▶ [EXERCISE OBJECTIVE] Set down each record that follows exactly. Drop the images.

____________________

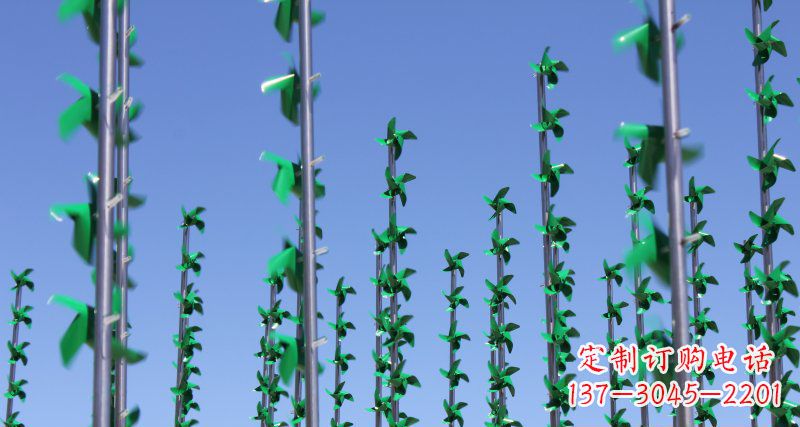 天津螺旋风车给广场景观带来的旋转欢乐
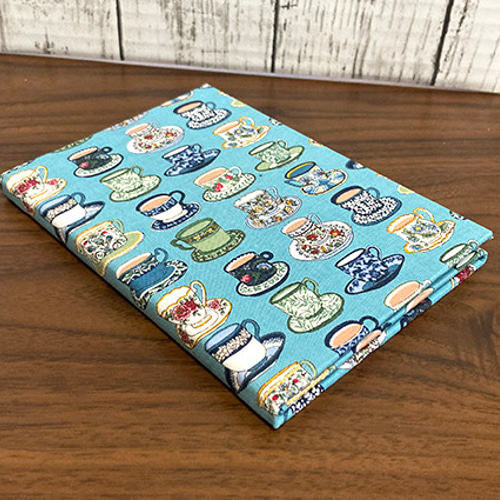 手製本のストックブック（切手ホルダー）＊紙小物の収納にも！[三つ折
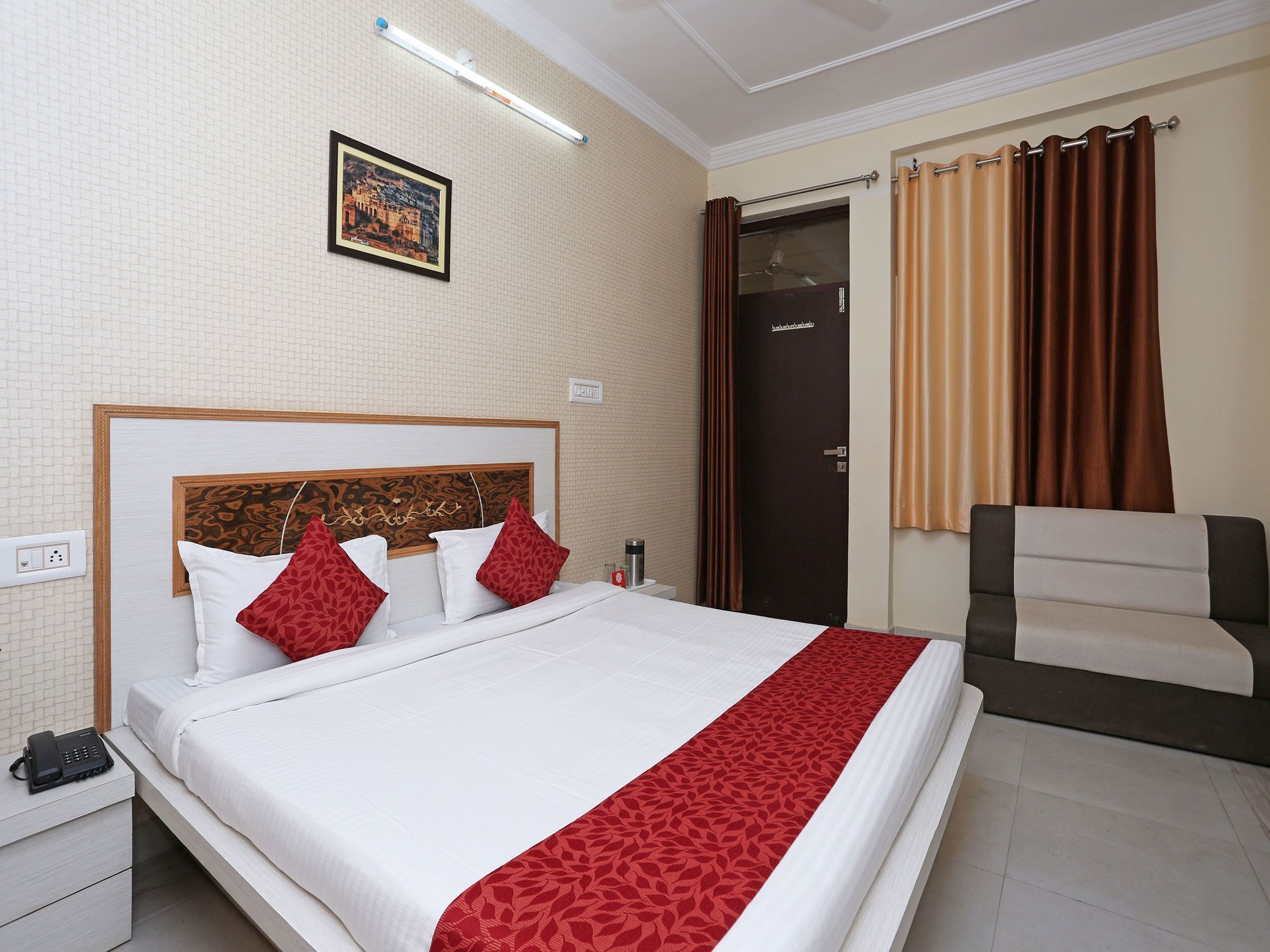 Oyo 10104 Radhika Resort كوتا المظهر الخارجي الصورة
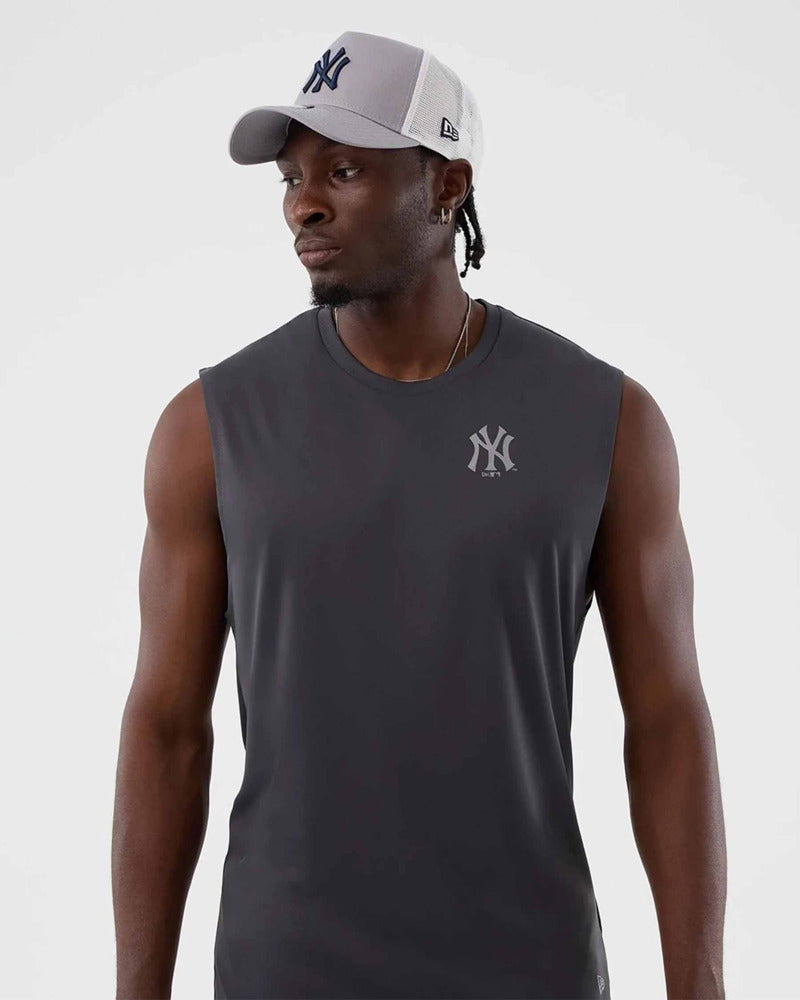 MLBSLEEVELESS TEE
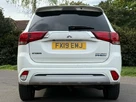 2019-mitsubishi-outlander-24-4h-phev-small-10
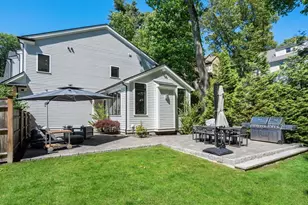 1058 Beacon St, Newton, MA 02459 - Photo 34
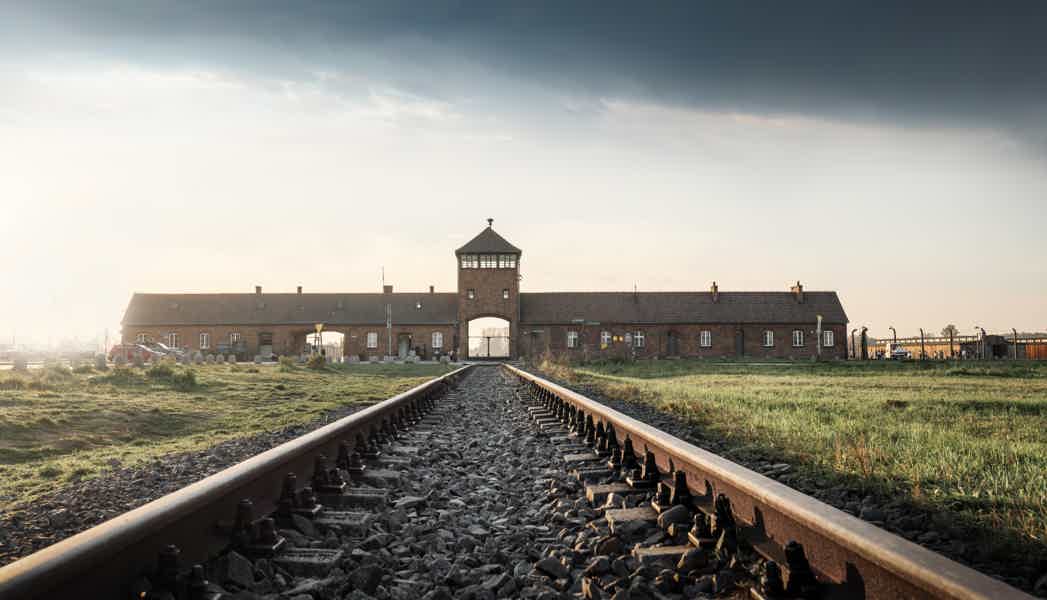 Ab Krakau: Führung durch das Museum Auschwitz-Birkenau - photo 3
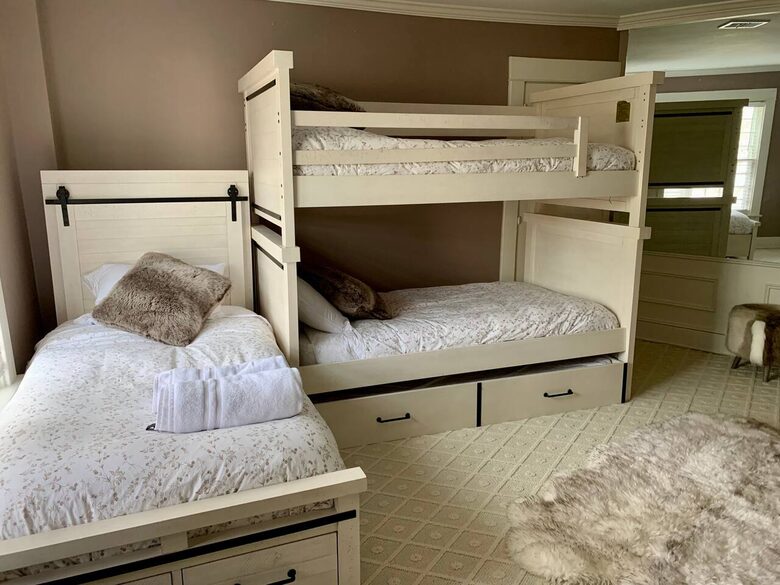 Historic Family Estate with Indoor Hot Tub in Upstate New York - New Berlin, New York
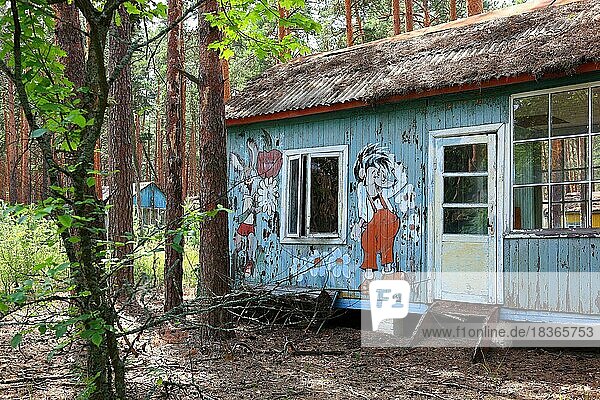 Sperrzone  in der unbewohnbaren 30-Kilometer-Zone um das Kraftwerk von Tschernobyl und der Arbeitersiedlung Pripjat  bemalte Holzhuette im Kinderferienlager Isumrudnyi  Ukraine  Europa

____________________

▶ [SOLUTION]
 天津螺旋风车给广场景观带来的旋转欢乐
 手製本のストックブック（切手ホルダー）＊紙小物の収納にも！[三つ折
 Oyo 10104 Radhika Resort كوتا المظهر الخارجي الصورة
 MLBSLEEVELESS TEE
 2019-mitsubishi-outlander-24-4h-phev-small-10
 1058 Beacon St, Newton, MA 02459 - Photo 34
 Ab Krakau: Führung durch das Museum Auschwitz-Birkenau - photo 3
 Historic Family Estate with Indoor Hot Tub in Upstate New York - New Berlin, New York
 Sperrzone  in der unbewohnbaren 30-Kilometer-Zone um das Kraftwerk von Tschernobyl und der Arbeitersiedlung Pripjat  bemalte Holzhuette im Kinderferienlager Isumrudnyi  Ukraine  Europa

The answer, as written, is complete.